Поделиться через


Process more files than ever and use Parquet with Azure Data Lake Analytics

In a recent release, Azure Data Lake Analytics (ADLA) takes the capability to process large amounts of files of many different formats to the next level. This blog post is showing you an end to end walk-through of generating many Parquet files from a rowset, and process them at scale with ADLA as well as accessing them from a Spark Notebook.

Problem Statement

A common problem our customers face is that they need to process data stored in many thousand files in commonly used structured file formats such as Parquet, either because they ingest many (potentially small) files or because their data is partitioned into many folders and files due to the physical design to achieve scale-out in other systems such as Hadoop's Hive or in Spark (see this description of the Hive Metastore partitioning layout for example). Since ADLA originally was designed to operate on very large files that had internal structure that helped with scale-out, it was only designed to operate on a couple of hundred to about 2000 files, had a file format designed for this internal structure to back the U-SQL tables, and was not providing a mechanism to create files that were dynamically partitioned into different folders and files.

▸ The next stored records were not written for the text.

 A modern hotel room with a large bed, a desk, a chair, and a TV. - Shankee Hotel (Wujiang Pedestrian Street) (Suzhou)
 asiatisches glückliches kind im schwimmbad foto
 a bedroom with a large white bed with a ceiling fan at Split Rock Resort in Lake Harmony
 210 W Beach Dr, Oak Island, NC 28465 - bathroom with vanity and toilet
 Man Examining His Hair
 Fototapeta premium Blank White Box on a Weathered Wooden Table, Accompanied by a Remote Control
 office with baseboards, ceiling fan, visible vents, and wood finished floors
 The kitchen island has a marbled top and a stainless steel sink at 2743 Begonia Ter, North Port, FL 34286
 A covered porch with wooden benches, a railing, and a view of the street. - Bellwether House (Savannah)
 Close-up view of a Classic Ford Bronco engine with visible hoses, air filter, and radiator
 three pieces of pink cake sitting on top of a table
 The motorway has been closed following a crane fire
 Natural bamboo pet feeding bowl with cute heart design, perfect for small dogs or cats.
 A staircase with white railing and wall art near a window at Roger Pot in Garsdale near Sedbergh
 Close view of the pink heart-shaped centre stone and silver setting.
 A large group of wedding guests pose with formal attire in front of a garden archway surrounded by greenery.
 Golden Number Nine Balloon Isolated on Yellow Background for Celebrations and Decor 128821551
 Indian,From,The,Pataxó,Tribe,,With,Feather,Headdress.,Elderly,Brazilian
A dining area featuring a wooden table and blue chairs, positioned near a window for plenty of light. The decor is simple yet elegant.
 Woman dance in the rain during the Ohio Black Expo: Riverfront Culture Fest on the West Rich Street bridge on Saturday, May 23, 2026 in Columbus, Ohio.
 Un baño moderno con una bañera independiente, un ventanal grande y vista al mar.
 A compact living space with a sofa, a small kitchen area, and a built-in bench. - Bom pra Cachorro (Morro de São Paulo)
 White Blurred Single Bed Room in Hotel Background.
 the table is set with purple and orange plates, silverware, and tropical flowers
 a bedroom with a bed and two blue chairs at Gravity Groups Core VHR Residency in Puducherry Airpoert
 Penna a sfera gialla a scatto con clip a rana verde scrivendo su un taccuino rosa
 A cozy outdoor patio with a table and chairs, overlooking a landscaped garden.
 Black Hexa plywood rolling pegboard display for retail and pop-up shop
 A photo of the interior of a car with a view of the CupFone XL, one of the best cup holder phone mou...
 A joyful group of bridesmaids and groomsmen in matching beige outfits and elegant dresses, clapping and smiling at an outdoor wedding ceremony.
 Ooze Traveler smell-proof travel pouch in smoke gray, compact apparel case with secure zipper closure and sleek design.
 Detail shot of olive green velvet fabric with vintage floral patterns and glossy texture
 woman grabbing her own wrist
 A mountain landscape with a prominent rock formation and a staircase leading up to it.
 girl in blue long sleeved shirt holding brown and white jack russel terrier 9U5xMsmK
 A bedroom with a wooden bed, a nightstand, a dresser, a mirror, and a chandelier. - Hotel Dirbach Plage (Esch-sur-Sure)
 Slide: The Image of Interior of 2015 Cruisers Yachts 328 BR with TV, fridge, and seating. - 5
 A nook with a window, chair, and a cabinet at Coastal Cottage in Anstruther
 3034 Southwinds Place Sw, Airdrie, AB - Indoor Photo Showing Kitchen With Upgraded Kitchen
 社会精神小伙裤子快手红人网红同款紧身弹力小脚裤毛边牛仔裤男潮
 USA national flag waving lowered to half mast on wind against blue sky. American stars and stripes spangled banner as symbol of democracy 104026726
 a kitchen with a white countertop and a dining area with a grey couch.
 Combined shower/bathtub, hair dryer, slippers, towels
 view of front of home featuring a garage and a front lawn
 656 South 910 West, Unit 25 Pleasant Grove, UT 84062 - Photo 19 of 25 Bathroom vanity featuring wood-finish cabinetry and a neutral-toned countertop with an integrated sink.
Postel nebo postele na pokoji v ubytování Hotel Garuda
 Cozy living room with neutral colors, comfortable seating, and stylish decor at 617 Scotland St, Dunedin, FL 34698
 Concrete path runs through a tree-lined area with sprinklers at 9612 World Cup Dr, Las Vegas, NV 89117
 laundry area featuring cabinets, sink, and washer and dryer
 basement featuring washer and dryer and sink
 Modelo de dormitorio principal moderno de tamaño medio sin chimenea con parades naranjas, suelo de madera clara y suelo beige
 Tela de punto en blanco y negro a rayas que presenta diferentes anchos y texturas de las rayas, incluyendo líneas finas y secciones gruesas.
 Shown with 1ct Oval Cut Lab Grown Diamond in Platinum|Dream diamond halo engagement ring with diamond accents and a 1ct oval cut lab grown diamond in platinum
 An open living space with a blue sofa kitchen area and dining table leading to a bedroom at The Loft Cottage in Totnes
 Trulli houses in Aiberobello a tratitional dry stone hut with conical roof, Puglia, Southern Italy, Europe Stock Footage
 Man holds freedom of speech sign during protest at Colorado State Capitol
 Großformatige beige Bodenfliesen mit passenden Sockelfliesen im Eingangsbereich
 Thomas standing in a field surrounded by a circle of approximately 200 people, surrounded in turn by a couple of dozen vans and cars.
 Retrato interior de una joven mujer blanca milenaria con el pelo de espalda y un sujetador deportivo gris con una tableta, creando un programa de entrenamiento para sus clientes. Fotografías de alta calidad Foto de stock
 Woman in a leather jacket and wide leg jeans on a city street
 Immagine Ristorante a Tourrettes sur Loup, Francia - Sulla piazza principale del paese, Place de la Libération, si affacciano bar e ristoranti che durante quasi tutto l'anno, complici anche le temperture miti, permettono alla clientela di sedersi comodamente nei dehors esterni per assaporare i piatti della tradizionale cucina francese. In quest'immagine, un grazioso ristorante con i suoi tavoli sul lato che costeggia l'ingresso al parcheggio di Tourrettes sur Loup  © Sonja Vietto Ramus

The good news is that ADLA and U-SQL now has added capabilities to address all of these restrictions.

Process hundreds of thousands of files in a single U-SQL job!

ADLA increases the scale limit to schematize and process files from the low thousands to several hundred-thousand files in a single U-SQL job with an easy-to-use syntax - so-called file sets. A future blog post will provide more in-depth details on the inner workings and the scale.

In addition, ADLA now supports file sets on OUTPUT statements (in private preview) that gives you the ability to dynamically partition your data into different folders and paths with the same easy-to-use file set syntax. This can help you to partition data for further consumption with other analytics engines such as Hive or Spark, or allows you to create separate files for sharing.

Process Parquet in Azure Data Lake with U-SQL

We have expanded our built-in support for standard file formats with native Parquet support for extractors and outputters (in public preview). Parquet is one of the major open source structured data formats used when processing data at scale. It enables more efficient data exchange between different analytics engines (that know how to query Parquet files) than CSV.

Putting it all together in a simple end-to-end example

The following simple example brings the high-scale file processing, the new Parquet support, and also the new ability to dynamically partition your data into many files together. Additionally, it also shows how the generated Parquet files can be easily consumed by Azure DataBricks.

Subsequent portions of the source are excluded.